··· PROVIDED RECORDS ···
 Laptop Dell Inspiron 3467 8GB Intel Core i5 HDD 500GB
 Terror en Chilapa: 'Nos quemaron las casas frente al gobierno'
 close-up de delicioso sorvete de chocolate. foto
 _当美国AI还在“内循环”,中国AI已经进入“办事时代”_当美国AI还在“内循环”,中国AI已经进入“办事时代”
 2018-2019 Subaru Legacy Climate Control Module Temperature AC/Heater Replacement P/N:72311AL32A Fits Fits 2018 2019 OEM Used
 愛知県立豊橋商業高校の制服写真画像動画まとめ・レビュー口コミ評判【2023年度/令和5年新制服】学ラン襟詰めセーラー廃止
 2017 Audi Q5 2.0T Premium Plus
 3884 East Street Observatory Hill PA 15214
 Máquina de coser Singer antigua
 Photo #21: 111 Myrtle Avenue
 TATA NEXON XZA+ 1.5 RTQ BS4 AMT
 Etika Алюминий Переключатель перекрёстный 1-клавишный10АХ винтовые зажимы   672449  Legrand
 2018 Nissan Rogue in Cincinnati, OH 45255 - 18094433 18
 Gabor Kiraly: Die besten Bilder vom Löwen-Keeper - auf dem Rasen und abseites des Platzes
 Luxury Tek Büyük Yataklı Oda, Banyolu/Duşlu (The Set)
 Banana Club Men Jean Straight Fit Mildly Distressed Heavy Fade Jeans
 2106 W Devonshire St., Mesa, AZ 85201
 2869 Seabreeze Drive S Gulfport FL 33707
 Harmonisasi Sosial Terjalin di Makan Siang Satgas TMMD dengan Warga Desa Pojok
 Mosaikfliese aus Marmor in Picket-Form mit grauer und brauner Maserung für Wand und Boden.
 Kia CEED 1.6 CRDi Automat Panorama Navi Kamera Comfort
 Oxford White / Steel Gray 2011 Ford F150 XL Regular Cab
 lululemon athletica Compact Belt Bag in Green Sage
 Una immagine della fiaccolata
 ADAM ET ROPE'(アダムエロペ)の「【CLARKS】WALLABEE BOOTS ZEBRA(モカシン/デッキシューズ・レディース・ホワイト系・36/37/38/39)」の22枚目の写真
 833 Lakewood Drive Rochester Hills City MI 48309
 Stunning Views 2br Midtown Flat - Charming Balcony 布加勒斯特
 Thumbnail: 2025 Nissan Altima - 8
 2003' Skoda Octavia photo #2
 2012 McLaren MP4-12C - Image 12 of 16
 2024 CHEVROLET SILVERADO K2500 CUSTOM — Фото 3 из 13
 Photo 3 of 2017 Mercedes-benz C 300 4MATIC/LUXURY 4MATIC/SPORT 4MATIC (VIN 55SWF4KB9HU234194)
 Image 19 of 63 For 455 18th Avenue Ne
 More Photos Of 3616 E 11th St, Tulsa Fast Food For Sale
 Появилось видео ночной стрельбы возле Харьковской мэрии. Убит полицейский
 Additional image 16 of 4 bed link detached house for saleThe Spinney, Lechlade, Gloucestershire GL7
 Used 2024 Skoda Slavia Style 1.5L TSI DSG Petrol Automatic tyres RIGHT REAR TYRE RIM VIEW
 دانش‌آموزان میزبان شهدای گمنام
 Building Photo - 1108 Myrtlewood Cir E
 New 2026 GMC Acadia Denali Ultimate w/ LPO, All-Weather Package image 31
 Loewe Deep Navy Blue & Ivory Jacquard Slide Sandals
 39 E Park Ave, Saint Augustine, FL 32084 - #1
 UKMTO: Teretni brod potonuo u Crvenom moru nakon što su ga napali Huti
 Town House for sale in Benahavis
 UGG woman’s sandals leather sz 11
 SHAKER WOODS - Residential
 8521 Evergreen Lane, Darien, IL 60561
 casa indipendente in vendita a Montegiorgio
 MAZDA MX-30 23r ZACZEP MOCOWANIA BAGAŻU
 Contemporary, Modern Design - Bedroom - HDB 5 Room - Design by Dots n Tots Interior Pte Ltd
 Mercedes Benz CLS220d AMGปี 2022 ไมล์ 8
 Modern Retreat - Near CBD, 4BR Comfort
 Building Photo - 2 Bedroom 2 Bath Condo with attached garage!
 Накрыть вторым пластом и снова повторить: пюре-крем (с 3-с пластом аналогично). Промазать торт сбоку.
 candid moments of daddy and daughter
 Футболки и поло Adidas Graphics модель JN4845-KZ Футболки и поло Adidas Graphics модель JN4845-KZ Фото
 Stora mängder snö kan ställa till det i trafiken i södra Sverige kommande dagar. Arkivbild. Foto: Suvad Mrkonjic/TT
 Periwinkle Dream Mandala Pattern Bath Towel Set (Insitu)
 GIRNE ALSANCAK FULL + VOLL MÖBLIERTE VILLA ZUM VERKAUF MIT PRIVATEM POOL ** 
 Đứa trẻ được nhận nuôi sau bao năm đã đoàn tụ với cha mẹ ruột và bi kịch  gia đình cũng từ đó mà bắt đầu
···
Give back the full listing exactly as it stands above.

 Laptop Dell Inspiron 3467 8GB Intel Core i5 HDD 500GB
 Terror en Chilapa: 'Nos quemaron las casas frente al gobierno'
 close-up de delicioso sorvete de chocolate. foto
 _当美国AI还在“内循环”,中国AI已经进入“办事时代”_当美国AI还在“内循环”,中国AI已经进入“办事时代”
 2018-2019 Subaru Legacy Climate Control Module Temperature AC/Heater Replacement P/N:72311AL32A Fits Fits 2018 2019 OEM Used
 愛知県立豊橋商業高校の制服写真画像動画まとめ・レビュー口コミ評判【2023年度/令和5年新制服】学ラン襟詰めセーラー廃止
 2017 Audi Q5 2.0T Premium Plus
 3884 East Street Observatory Hill PA 15214
 Máquina de coser Singer antigua
 Photo #21: 111 Myrtle Avenue
 TATA NEXON XZA+ 1.5 RTQ BS4 AMT
 Etika Алюминий Переключатель перекрёстный 1-клавишный10АХ винтовые зажимы   672449  Legrand
 2018 Nissan Rogue in Cincinnati, OH 45255 - 18094433 18
 Gabor Kiraly: Die besten Bilder vom Löwen-Keeper - auf dem Rasen und abseites des Platzes
 Luxury Tek Büyük Yataklı Oda, Banyolu/Duşlu (The Set)
 Banana Club Men Jean Straight Fit Mildly Distressed Heavy Fade Jeans
 2106 W Devonshire St., Mesa, AZ 85201
 2869 Seabreeze Drive S Gulfport FL 33707
 Harmonisasi Sosial Terjalin di Makan Siang Satgas TMMD dengan Warga Desa Pojok
 Mosaikfliese aus Marmor in Picket-Form mit grauer und brauner Maserung für Wand und Boden.
 Kia CEED 1.6 CRDi Automat Panorama Navi Kamera Comfort
 Oxford White / Steel Gray 2011 Ford F150 XL Regular Cab
 lululemon athletica Compact Belt Bag in Green Sage
 Una immagine della fiaccolata
 ADAM ET ROPE'(アダムエロペ)の「【CLARKS】WALLABEE BOOTS ZEBRA(モカシン/デッキシューズ・レディース・ホワイト系・36/37/38/39)」の22枚目の写真
 833 Lakewood Drive Rochester Hills City MI 48309
 Stunning Views 2br Midtown Flat - Charming Balcony 布加勒斯特
 Thumbnail: 2025 Nissan Altima - 8
 2003' Skoda Octavia photo #2
 2012 McLaren MP4-12C - Image 12 of 16
 2024 CHEVROLET SILVERADO K2500 CUSTOM — Фото 3 из 13
 Photo 3 of 2017 Mercedes-benz C 300 4MATIC/LUXURY 4MATIC/SPORT 4MATIC (VIN 55SWF4KB9HU234194)
 Image 19 of 63 For 455 18th Avenue Ne
 More Photos Of 3616 E 11th St, Tulsa Fast Food For Sale
 Появилось видео ночной стрельбы возле Харьковской мэрии. Убит полицейский
 Additional image 16 of 4 bed link detached house for saleThe Spinney, Lechlade, Gloucestershire GL7
 Used 2024 Skoda Slavia Style 1.5L TSI DSG Petrol Automatic tyres RIGHT REAR TYRE RIM VIEW
 دانش‌آموزان میزبان شهدای گمنام
 Building Photo - 1108 Myrtlewood Cir E
 New 2026 GMC Acadia Denali Ultimate w/ LPO, All-Weather Package image 31
 Loewe Deep Navy Blue & Ivory Jacquard Slide Sandals
 39 E Park Ave, Saint Augustine, FL 32084 - #1
 UKMTO: Teretni brod potonuo u Crvenom moru nakon što su ga napali Huti
 Town House for sale in Benahavis
 UGG woman’s sandals leather sz 11
 SHAKER WOODS - Residential
 8521 Evergreen Lane, Darien, IL 60561
 casa indipendente in vendita a Montegiorgio
 MAZDA MX-30 23r ZACZEP MOCOWANIA BAGAŻU
 Contemporary, Modern Design - Bedroom - HDB 5 Room - Design by Dots n Tots Interior Pte Ltd
 Mercedes Benz CLS220d AMGปี 2022 ไมล์ 8
 Modern Retreat - Near CBD, 4BR Comfort
 Building Photo - 2 Bedroom 2 Bath Condo with attached garage!
 Накрыть вторым пластом и снова повторить: пюре-крем (с 3-с пластом аналогично). Промазать торт сбоку.
 candid moments of daddy and daughter
 Футболки и поло Adidas Graphics модель JN4845-KZ Футболки и поло Adidas Graphics модель JN4845-KZ Фото
 Stora mängder snö kan ställa till det i trafiken i södra Sverige kommande dagar. Arkivbild. Foto: Suvad Mrkonjic/TT
 Periwinkle Dream Mandala Pattern Bath Towel Set (Insitu)
 GIRNE ALSANCAK FULL + VOLL MÖBLIERTE VILLA ZUM VERKAUF MIT PRIVATEM POOL ** 
 Đứa trẻ được nhận nuôi sau bao năm đã đoàn tụ với cha mẹ ruột và bi kịch  gia đình cũng từ đó mà bắt đầu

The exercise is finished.